━━━ Listed entries ━━━

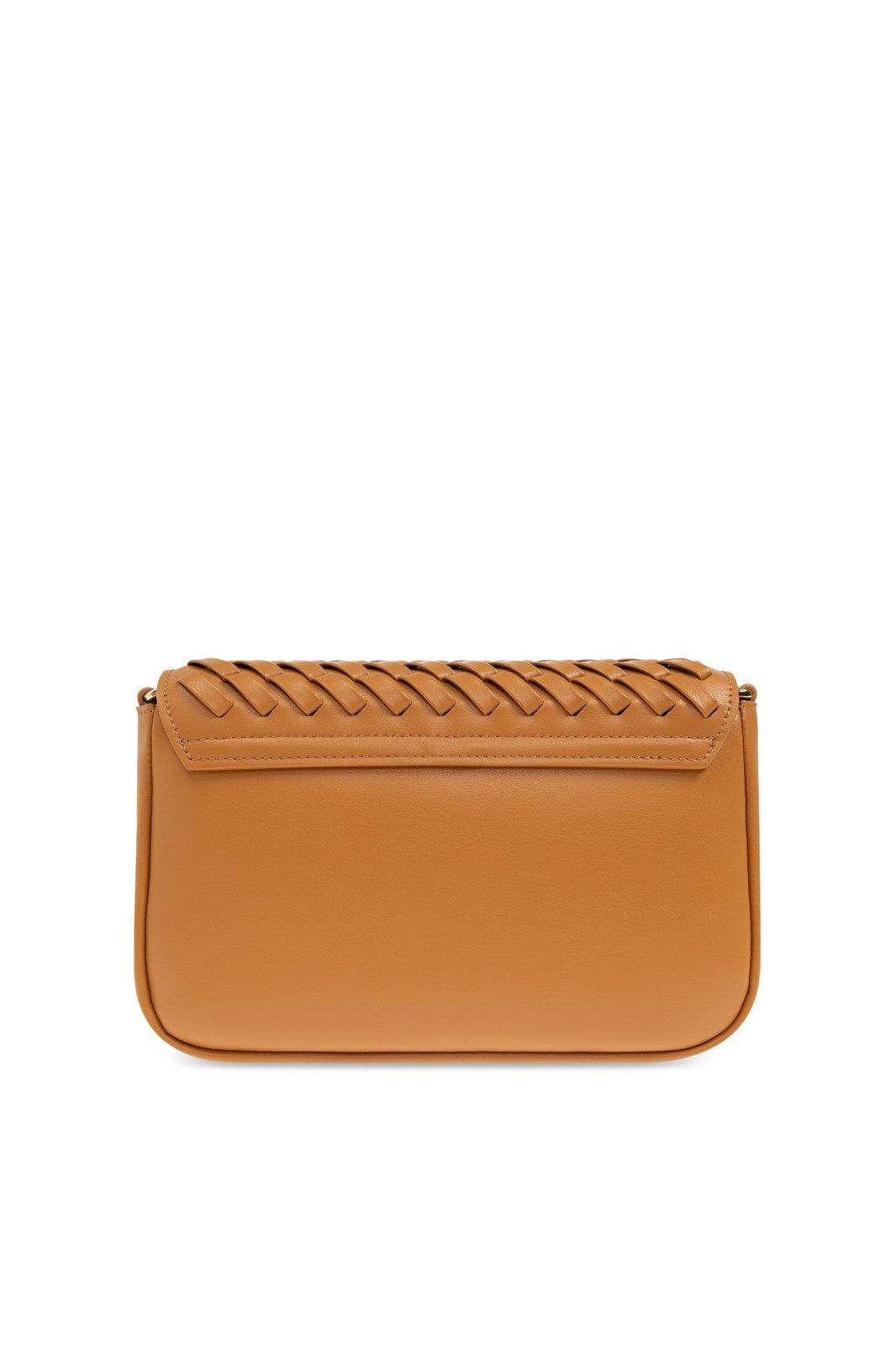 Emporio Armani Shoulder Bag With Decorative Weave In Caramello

━━━
━━━ Listed entries ━━━

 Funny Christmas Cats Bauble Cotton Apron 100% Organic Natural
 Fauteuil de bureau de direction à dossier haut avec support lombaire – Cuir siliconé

━━━

-- Exercise --
Within the material above, extract exactly the lines that start at the line containing "Funny Christmas Cats" and stop after the line containing "Fauteuil de bureau", and only those.

-- Solution to this exercise --
 Funny Christmas Cats Bauble Cotton Apron 100% Organic Natural
 Fauteuil de bureau de direction à dossier haut avec support lombaire – Cuir siliconé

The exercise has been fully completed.